I fail at being human #45: watching horror movies.

Nov 21, 2010 03:49

Somewhere in the long list of things I'm deeply ambivalent about is how fear doesn't feel like it used to. I remember being afraid as having a physical component that it just doesn't now, and I don't know when that changed. I have memories of fear being consuming, blocking out every other kind of thought. That was annoying, and I'm glad it didn't stay that way, but it would be nice if I had a choice about whether or not to feel fear, since I would sometime do so just to keep in contact with it. I like variety, and I need to understand.

I'm sorry that makes it hard for me to not fidget and ask questions during horror films, even knowing that it's annoying to you. I wish I could experience the things you enjoy from a place where I derived something from them, and I would if I could. But I have all this distance; at all times there's a counterweight of backlogged emotions and I don't know how to keep that separate from the rest of what I do.
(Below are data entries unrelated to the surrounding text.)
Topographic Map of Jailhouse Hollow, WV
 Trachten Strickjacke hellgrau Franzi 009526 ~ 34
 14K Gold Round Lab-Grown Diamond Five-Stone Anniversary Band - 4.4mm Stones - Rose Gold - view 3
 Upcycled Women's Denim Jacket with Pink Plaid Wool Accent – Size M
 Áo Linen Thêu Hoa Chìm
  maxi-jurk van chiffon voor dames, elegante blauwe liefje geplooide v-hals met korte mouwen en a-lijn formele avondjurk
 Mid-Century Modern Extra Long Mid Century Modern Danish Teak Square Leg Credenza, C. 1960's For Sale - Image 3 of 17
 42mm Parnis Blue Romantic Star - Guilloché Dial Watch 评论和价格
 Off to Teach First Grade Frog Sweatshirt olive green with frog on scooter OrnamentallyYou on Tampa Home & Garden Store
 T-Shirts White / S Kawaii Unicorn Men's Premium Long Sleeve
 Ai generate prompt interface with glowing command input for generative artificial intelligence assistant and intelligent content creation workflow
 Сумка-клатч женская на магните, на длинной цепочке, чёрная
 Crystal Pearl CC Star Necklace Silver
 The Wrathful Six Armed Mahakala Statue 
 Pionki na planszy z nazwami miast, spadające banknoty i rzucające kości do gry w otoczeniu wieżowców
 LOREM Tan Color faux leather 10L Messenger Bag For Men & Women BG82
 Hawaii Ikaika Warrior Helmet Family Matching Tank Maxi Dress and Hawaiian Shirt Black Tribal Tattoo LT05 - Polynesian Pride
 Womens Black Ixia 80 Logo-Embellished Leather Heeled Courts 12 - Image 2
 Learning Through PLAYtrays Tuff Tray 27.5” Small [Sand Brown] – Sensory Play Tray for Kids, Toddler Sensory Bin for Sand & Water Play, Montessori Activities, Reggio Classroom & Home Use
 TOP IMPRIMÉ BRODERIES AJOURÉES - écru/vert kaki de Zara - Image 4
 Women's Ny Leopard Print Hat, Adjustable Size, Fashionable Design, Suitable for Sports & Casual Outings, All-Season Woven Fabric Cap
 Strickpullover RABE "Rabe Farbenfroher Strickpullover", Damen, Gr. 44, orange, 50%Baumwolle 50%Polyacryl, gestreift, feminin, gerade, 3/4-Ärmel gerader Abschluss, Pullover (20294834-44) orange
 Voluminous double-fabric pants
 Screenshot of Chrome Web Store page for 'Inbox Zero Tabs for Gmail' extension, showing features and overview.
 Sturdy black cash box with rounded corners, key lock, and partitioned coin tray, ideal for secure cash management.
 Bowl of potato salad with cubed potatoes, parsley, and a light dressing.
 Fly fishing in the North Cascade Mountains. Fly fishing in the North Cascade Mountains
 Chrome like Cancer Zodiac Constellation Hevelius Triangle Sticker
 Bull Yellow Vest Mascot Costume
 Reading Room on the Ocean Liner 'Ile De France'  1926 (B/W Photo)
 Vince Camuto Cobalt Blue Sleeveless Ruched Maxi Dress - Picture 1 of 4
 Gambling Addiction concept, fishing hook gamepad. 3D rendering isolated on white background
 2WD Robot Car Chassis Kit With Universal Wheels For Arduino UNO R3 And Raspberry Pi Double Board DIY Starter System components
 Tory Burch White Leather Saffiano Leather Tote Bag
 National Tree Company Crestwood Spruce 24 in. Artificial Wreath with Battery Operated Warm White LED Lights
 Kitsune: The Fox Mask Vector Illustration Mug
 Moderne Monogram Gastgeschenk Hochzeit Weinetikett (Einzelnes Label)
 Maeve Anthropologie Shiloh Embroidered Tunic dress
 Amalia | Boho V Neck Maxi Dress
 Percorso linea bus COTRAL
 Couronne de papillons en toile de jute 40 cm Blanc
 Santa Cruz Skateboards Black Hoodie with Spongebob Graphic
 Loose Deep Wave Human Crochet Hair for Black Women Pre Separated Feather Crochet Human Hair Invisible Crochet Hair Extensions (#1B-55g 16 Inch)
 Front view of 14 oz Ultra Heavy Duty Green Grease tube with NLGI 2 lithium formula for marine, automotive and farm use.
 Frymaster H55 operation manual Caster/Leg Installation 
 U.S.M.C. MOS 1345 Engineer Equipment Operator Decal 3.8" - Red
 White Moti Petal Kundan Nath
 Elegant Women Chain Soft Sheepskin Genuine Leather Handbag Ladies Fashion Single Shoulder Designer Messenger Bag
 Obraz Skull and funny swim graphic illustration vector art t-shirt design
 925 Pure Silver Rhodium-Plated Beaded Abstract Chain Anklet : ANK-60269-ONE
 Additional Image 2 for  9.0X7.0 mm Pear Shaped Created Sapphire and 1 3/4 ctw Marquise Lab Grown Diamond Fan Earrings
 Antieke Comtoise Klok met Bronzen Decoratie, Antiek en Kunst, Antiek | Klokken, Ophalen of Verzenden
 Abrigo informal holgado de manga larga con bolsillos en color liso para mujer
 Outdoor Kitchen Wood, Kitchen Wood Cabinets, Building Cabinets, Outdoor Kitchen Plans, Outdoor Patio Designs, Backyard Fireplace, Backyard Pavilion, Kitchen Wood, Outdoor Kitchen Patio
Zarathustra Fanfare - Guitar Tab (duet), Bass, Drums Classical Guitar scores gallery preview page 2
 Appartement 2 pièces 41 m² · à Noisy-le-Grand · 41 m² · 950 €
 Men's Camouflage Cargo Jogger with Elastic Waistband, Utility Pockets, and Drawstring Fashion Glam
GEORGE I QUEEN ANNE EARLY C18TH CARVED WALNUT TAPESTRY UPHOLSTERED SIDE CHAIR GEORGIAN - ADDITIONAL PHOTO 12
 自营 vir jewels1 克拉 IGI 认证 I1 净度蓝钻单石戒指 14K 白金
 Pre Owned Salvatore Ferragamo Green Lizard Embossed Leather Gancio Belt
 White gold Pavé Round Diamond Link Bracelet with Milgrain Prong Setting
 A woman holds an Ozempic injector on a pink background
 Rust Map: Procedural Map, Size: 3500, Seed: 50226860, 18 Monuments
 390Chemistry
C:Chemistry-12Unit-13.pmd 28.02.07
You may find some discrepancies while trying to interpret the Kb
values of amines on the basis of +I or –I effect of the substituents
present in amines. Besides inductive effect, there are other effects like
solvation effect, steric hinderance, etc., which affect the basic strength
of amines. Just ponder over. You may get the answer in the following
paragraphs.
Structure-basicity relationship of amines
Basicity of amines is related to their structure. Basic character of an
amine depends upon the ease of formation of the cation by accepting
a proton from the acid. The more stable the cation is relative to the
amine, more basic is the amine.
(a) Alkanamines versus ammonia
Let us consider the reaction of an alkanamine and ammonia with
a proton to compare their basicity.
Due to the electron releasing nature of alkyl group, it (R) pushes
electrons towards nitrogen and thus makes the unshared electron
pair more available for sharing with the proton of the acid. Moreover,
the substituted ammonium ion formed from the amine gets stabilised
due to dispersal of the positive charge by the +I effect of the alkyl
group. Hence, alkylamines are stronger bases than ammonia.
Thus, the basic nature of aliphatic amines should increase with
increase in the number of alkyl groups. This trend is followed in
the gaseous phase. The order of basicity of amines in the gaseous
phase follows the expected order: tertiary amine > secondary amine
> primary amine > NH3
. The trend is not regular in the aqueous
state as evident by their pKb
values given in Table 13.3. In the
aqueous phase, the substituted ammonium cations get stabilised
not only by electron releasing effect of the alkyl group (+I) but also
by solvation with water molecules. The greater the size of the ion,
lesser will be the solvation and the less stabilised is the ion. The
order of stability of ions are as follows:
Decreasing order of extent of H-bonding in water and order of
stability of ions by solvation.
The only ways I know of to turn off the parts of my brain that point out inconsistencies are dancing, sex, sleep, really well written books and some rare pieces of music and art. And those experiences turn everything off. They're not reflective. If it were as easy to get that empty feeling as watching a horror movie, I would do that ALL THE TIME, but it doesn't work. I don't work that way. I've tried to acquire tastes for things and sometimes it works, but this time it didn't and you get to be disappointed that I don't enjoy something you love, and I get to feel like an outsider again.

I'm tired of that feeling. Exclusion is painful and after a while pain is boring.